# History of the Evangelical Movement in America



## cih1355 (Feb 16, 2009)

Yesterday, I finished reading the book, _The American Evangelical Story_, by Douglas Sweeney. He says that evangelicals are a movement of orthodox Protestants with an eighteenth-century twist. He says that the evangelical movement emerged from the Great Awakening. I think it was a good book. Has anyone else read it?


----------



## SolaScriptura (Feb 16, 2009)

Never heard of it.


----------



## tgoerz (Mar 1, 2009)

Sweeney is professor of church history at Trinity(Deerfield). He has contributed heavily to the Jonathan Edwards project at Yale.
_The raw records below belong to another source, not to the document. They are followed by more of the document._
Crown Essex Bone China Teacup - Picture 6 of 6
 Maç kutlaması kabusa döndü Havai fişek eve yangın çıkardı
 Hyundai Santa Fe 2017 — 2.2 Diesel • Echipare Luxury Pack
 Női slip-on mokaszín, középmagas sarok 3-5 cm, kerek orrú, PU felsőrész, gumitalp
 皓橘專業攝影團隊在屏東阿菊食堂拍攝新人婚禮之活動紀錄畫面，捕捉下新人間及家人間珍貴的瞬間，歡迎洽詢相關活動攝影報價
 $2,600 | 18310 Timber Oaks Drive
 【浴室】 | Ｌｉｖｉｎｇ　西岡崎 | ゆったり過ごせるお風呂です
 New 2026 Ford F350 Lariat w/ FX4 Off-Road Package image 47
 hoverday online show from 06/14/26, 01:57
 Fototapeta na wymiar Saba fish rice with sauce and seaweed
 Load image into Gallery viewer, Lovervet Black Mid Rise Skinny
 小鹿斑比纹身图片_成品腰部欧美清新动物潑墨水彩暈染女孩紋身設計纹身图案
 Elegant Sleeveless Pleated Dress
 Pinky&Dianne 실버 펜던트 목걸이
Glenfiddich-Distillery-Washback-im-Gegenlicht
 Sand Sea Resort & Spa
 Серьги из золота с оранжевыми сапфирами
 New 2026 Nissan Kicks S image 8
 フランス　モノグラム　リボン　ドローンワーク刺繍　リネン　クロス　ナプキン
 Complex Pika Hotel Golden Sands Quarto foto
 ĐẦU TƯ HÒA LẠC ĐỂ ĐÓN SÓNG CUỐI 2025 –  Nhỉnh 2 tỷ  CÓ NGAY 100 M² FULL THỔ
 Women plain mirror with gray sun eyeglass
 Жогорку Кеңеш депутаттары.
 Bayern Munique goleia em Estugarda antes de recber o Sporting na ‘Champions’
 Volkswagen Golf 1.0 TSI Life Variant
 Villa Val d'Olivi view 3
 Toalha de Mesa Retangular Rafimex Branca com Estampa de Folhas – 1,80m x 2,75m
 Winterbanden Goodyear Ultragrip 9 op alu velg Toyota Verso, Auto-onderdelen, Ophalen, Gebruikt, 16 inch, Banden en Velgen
He co-edited...The Sermons of Jonathan Edwards: A Reader (Yale University Press); the author of Nathaniel Taylor, New Haven Theology, and the Legacy of Jonathan Edwards (Oxford University Press); the editor of Jonathan Edwards's "Miscellanies" Nos. 1153-1360, The Works of Jonathan Edwards, vol. 23 (Yale University Press); the coeditor of Jonathan Edwards at Home and Abroad: Historical Memories, Cultural Movements, Global Horizons (University of South Carolina Press); the author of The American Evangelical Story: A History of the Movement (Baker Academic); the coeditor of The New England Theology: From Jonathan Edwards to Edwards Amasa Park (Baker Academic); and the author of Jonathan Edwards and the Ministry of the Word (InterVarsity Press).


----------